(Given information)

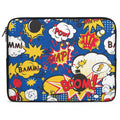 Blue Comic Book Laptop Sleeve (Multiple Sizes) black Laptop Sleeve comic Printed Offshore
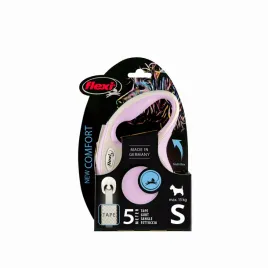 flexi-new-comfort-tasma-s-5m-do-15kg-rozowa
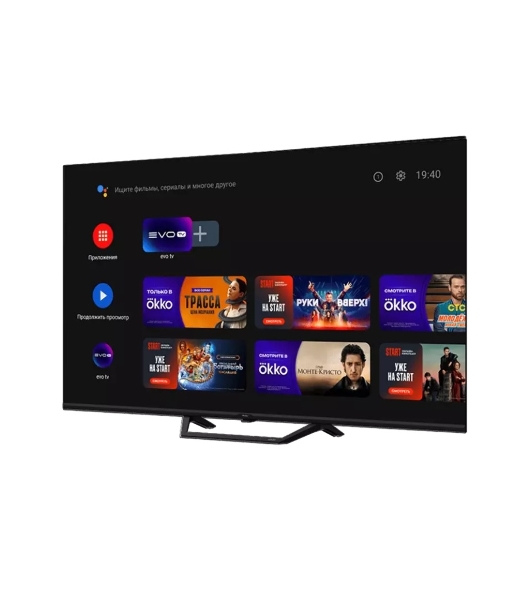Телевизор Haier 75' S2 Pro DH1WVFD02RU черный QLED 4K UHD 60Hz Smart TV 2GB/16GB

(End Given information)

How to complete this task - Go through the data above and transcribe it in full, omitting any image.

Response to the task -
 Blue Comic Book Laptop Sleeve (Multiple Sizes) black Laptop Sleeve comic Printed Offshore
 flexi-new-comfort-tasma-s-5m-do-15kg-rozowa
Телевизор Haier 75' S2 Pro DH1WVFD02RU черный QLED 4K UHD 60Hz Smart TV 2GB/16GB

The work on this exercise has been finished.